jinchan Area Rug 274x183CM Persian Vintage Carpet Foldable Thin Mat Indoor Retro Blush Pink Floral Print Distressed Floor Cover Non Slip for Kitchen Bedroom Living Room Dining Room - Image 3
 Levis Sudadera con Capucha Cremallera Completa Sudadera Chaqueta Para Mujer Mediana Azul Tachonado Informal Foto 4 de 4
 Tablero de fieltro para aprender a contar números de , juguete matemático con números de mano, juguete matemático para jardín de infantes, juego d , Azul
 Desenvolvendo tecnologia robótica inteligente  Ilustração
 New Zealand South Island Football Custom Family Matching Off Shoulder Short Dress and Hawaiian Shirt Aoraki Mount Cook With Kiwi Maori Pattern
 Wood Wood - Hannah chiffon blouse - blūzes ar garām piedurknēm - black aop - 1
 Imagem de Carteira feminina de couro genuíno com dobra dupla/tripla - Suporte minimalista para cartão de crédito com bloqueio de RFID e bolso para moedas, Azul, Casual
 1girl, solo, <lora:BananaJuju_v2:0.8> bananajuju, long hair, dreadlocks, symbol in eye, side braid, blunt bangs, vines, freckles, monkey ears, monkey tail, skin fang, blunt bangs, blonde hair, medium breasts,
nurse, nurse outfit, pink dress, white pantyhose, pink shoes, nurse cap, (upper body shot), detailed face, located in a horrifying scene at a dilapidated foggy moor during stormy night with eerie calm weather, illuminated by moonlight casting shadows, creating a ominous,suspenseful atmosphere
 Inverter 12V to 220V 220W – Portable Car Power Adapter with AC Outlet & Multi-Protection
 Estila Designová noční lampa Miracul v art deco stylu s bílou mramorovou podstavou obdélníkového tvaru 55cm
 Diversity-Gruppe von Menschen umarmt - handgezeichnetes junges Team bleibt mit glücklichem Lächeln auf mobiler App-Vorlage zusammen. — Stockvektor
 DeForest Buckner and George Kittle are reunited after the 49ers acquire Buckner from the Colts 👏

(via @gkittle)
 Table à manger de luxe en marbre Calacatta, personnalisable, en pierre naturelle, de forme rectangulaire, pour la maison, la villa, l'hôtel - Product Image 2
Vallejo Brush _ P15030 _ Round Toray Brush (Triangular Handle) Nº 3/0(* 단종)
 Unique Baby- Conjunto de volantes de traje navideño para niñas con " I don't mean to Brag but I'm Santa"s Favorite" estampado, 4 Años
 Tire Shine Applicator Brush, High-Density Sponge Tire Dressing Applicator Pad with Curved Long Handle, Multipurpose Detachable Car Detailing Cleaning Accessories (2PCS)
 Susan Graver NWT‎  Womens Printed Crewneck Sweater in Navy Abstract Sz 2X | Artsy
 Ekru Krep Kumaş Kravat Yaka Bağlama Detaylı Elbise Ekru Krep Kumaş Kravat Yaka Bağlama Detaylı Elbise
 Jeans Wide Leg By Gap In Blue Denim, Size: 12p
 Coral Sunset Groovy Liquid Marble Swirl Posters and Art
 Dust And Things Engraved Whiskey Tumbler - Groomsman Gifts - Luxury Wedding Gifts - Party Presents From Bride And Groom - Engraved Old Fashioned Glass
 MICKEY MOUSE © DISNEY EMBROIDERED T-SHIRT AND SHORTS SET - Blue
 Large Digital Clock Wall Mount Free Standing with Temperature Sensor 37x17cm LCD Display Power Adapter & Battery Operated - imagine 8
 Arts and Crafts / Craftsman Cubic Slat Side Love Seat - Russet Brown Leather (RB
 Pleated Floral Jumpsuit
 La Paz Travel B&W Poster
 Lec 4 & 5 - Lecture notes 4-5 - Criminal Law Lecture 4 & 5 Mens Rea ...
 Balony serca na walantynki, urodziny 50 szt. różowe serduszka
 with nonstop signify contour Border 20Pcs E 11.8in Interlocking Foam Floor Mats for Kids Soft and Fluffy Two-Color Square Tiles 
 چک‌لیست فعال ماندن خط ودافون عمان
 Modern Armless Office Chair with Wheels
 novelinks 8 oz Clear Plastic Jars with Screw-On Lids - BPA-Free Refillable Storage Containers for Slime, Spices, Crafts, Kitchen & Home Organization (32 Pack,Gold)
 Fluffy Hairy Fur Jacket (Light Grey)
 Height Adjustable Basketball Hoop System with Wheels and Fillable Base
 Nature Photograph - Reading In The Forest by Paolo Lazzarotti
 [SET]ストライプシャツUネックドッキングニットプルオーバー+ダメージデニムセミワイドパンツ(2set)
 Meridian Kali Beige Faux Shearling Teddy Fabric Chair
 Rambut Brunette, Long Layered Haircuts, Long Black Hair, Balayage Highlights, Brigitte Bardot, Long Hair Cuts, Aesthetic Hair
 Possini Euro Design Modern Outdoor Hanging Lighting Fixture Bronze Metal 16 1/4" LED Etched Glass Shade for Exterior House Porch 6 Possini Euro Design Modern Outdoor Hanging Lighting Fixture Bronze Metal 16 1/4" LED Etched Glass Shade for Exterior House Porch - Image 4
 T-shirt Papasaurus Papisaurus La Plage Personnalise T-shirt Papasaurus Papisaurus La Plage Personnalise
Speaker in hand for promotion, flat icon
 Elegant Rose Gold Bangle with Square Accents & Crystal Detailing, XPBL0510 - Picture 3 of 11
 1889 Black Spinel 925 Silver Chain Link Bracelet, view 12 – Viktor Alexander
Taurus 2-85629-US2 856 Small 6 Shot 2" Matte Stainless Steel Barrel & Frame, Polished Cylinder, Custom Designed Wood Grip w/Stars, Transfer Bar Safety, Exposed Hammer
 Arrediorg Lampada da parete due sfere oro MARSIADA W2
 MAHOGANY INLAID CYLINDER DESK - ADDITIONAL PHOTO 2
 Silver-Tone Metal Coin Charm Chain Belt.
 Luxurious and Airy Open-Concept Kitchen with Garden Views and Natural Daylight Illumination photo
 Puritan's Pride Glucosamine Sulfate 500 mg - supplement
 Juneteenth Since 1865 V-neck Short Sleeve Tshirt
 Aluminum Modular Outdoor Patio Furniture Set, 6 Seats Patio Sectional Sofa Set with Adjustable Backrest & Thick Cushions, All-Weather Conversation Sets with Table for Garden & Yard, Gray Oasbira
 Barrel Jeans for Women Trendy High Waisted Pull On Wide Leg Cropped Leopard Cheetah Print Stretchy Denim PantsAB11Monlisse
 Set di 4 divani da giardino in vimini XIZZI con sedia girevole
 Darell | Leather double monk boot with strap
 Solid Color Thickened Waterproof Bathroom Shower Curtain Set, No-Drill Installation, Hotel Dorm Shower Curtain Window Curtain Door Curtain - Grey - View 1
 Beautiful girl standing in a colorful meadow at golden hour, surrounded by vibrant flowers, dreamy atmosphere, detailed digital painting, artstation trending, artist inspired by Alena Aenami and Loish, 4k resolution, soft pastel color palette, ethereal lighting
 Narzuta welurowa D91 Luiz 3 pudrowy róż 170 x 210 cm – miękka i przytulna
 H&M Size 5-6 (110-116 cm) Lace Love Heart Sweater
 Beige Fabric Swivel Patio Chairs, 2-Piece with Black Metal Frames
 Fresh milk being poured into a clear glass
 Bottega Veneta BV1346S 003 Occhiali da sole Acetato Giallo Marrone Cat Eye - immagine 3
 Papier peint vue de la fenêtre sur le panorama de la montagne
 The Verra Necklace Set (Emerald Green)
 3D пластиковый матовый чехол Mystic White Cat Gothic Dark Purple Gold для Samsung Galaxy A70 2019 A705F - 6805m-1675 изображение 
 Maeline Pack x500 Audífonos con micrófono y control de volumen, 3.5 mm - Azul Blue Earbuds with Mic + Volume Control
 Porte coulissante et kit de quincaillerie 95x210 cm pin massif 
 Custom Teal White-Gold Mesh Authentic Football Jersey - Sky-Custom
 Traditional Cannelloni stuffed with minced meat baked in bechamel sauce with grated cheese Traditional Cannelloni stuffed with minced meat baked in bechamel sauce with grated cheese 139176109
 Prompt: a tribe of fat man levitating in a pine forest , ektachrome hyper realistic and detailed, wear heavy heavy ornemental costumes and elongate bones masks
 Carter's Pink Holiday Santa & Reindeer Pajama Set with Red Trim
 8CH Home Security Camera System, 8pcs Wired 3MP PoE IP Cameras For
□ □ □ □ □
Exercise instructions: Taking the entries from their first line through the line with "(via @gkittle)", inclusive, restate each line word for word and give nothing else.

Task solution:
jinchan Area Rug 274x183CM Persian Vintage Carpet Foldable Thin Mat Indoor Retro Blush Pink Floral Print Distressed Floor Cover Non Slip for Kitchen Bedroom Living Room Dining Room - Image 3
 Levis Sudadera con Capucha Cremallera Completa Sudadera Chaqueta Para Mujer Mediana Azul Tachonado Informal Foto 4 de 4
 Tablero de fieltro para aprender a contar números de , juguete matemático con números de mano, juguete matemático para jardín de infantes, juego d , Azul
 Desenvolvendo tecnologia robótica inteligente  Ilustração
 New Zealand South Island Football Custom Family Matching Off Shoulder Short Dress and Hawaiian Shirt Aoraki Mount Cook With Kiwi Maori Pattern
 Wood Wood - Hannah chiffon blouse - blūzes ar garām piedurknēm - black aop - 1
 Imagem de Carteira feminina de couro genuíno com dobra dupla/tripla - Suporte minimalista para cartão de crédito com bloqueio de RFID e bolso para moedas, Azul, Casual
 1girl, solo, <lora:BananaJuju_v2:0.8> bananajuju, long hair, dreadlocks, symbol in eye, side braid, blunt bangs, vines, freckles, monkey ears, monkey tail, skin fang, blunt bangs, blonde hair, medium breasts,
nurse, nurse outfit, pink dress, white pantyhose, pink shoes, nurse cap, (upper body shot), detailed face, located in a horrifying scene at a dilapidated foggy moor during stormy night with eerie calm weather, illuminated by moonlight casting shadows, creating a ominous,suspenseful atmosphere
 Inverter 12V to 220V 220W – Portable Car Power Adapter with AC Outlet & Multi-Protection
 Estila Designová noční lampa Miracul v art deco stylu s bílou mramorovou podstavou obdélníkového tvaru 55cm
 Diversity-Gruppe von Menschen umarmt - handgezeichnetes junges Team bleibt mit glücklichem Lächeln auf mobiler App-Vorlage zusammen. — Stockvektor
 DeForest Buckner and George Kittle are reunited after the 49ers acquire Buckner from the Colts 👏

(via @gkittle)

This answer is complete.